Мы снимали «Флирт» на натуре в Вене. Мама и я жили в отеле «Захер». Ален тоже там жил. Отработали последний день съёмок, и я повезла Алена в аэропорт. У меня был специальный пропуск на лётное поле, и я могла проводить его прямо до самолёта.
И вот я стою у трапа. Он целует меня на прощанье, поворачивается и поднимается по лестнице.
Я смотрю, как он уходит. Как закрывается за ним дверь. Ещё успеваю в последний момент увидеть сквозь иллюминатор его лицо. И машина выруливает на старт. Как она взлетает, я уже не вижу: слёзы застилают глаза.
В отеле я бросаюсь к маме и просто вою. Но оказалось, Ален оставил маме для меня письмо. Держу его в руках, но читать не могу. Буквы расплываются перед глазами.
А назавтра мне надо лететь в Кёльн — домой, к благонравной бюргерской жизни: отдыхать перед новым фильмом, гулять, раздавать автографы, читать сценарии...
Вот уж этого я не могу.
И я не лечу в Кёльн.
Вместо этого я покупаю билет в Париж. Приземляюсь в Париже и звоню Алену прямо из Орли.
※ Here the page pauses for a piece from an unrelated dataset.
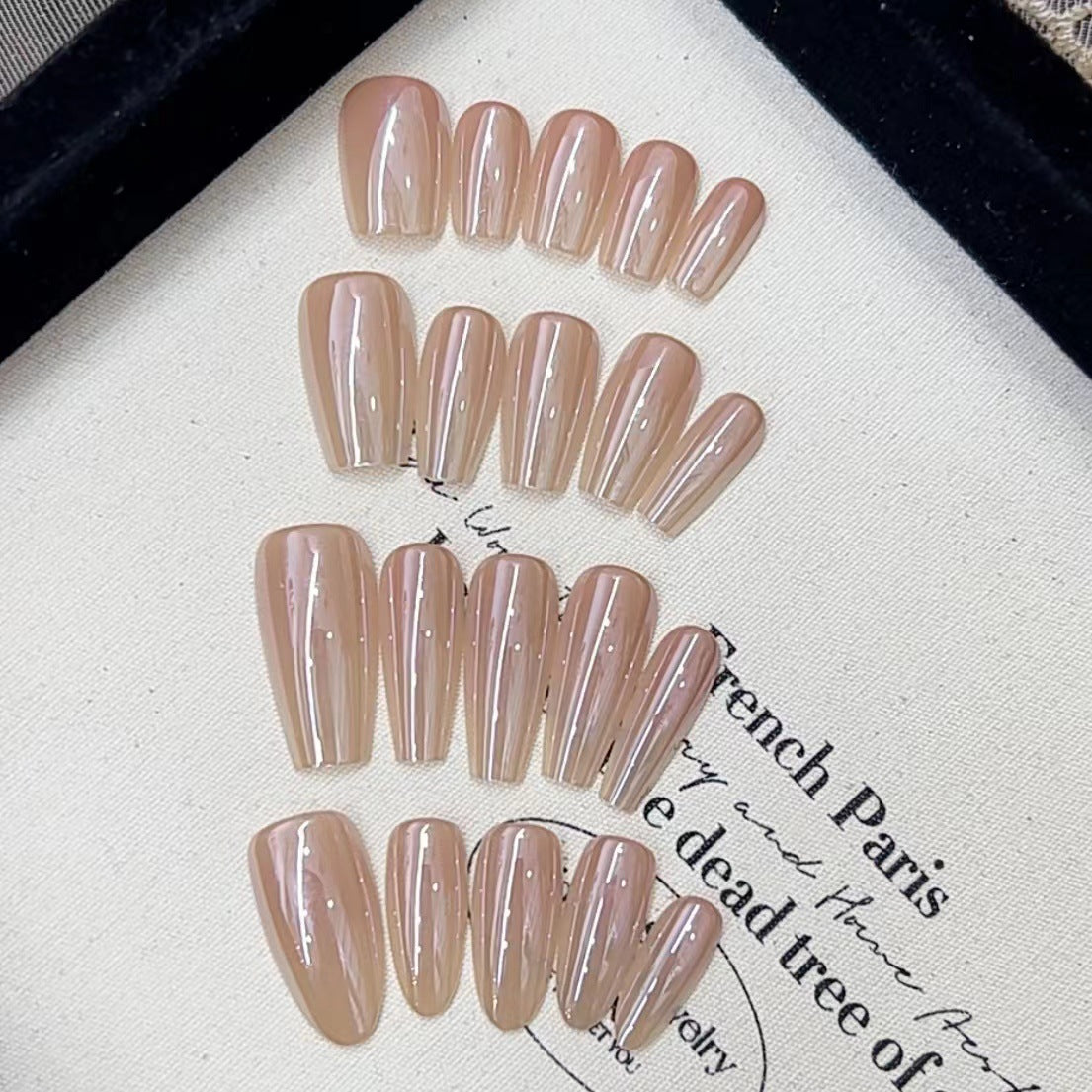 Stylisches Glänzendes Press-On Nagelset Brehn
И только положив трубку на рычаг, я соображаю, ЧТО на самом деле произошло. Я — свободна.
Я вырвалась.
И я была счастлива, потому что поверила, что и он меня любит. Пока я в венском отеле рыдала в мамину жилетку, Ален изливался своему другу Жоржу Бому. Изнывая точно так же, как и я.
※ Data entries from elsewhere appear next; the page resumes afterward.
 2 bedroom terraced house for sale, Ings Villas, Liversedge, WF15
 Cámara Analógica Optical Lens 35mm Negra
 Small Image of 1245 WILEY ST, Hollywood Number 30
Разлуки не выносили мы оба. Мы принадлежали друг другу — и теперь мы были вместе, такие молодые, оба — без тормозов.
Поначалу мы жили в квартире Бома. По этой причине фабрика слухов работала сверхурочно.
Ах, вдруг между Аленом и Жоржем — кое-что ещё, кроме просто дружбы? Ах, бедная Роми, как она страдает! Невинная венская барышня, как она выглядит в этой щекотливой ситуации?
Гнусная ложь.
С самого начала это была именно дружба, и мы, все трое, сохранили её на долгие годы. Кстати, и после того как Ален женился. Кроме дружбы — ничего.
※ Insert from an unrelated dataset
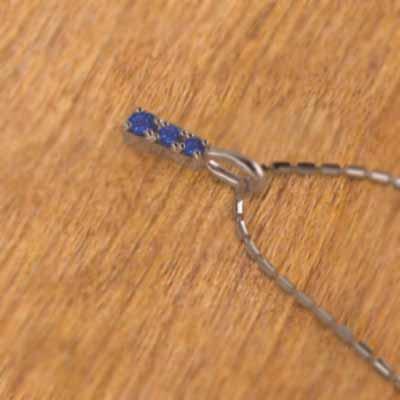 9月誕生石 スリーストーン k10ピンクゴールド ペンダント サファイアの画像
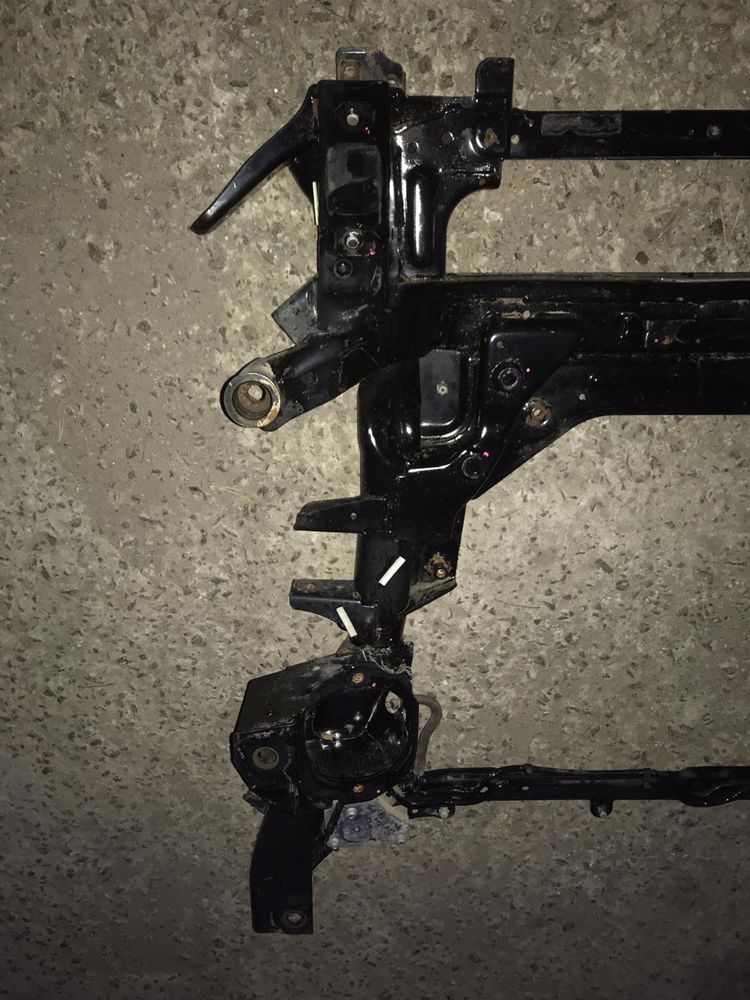 Підрамник балка  BMW X5 F15 X6 F16 X3 F25 X4 F30 F36F48 X1 F10 E60 E46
Так вот, это была одна сторона медали: любовь, страсть, упоительное чувство свободы.
Другую сторону той же медали я тоже познала, но чуть позже. Когда дошли первые слухи.
Признаюсь: я переоценила свои силы. Конечно, внешне я была свободна. Сожгла за собой мосты, уехала в Париж против воли мамы и отчима и вообще открыто жила с мужчиной, но не была за ним замужем. Всё это — на виду. Но внутри?
Легко говорить — я наплевала на свою семью. Наконец-то я живу своей собственной жизнью.
Но на самом деле во мне как бы спорили два разных человека. Совсем не мирно спорили. Как воевали бы два разных мира. Один — тот, откуда я пришла. Добропорядочный, приличный, бюргерский в самом точном смысле слова. Мир, где предусмотрено буквально всё. Соглашения, договоры, даты — и постоянное занудство по поводу моего благополучия.
— Детка, — говорил мой отчим, которого я окрестила «Дэдди». — Тебе не нравится материал? Эта очередная принцесса стоит тебе поперёк горла? А ты всё равно должна её играть. Потому что ты же не сумасшедшая, чтобы выбросить на ветер 750 000 марок!
Но теперь был и другой мир, и я жаждала его покорить. Париж, театр, большие режиссёры с фантастическими проектами, молодые люди, способные послать к чёртовой бабушке целые состояния... Немыслимый мир, он сбивал с толку и захватывал, всё вместе.
И тут была любовь.
В первые парижские месяцы я была — комок нервов. Жила судорожно, отчаянно, без руля и без ветрил. Каждый день меня бомбардировали телефонными звонками: мама, отчим, даже брат Вольфи. Уж он-то всегда так точно чувствовал мои проблемы! А тут, казалось, даже он перестал меня понимать. Тогда я чуть не поставила крест на наших с ним отношениях.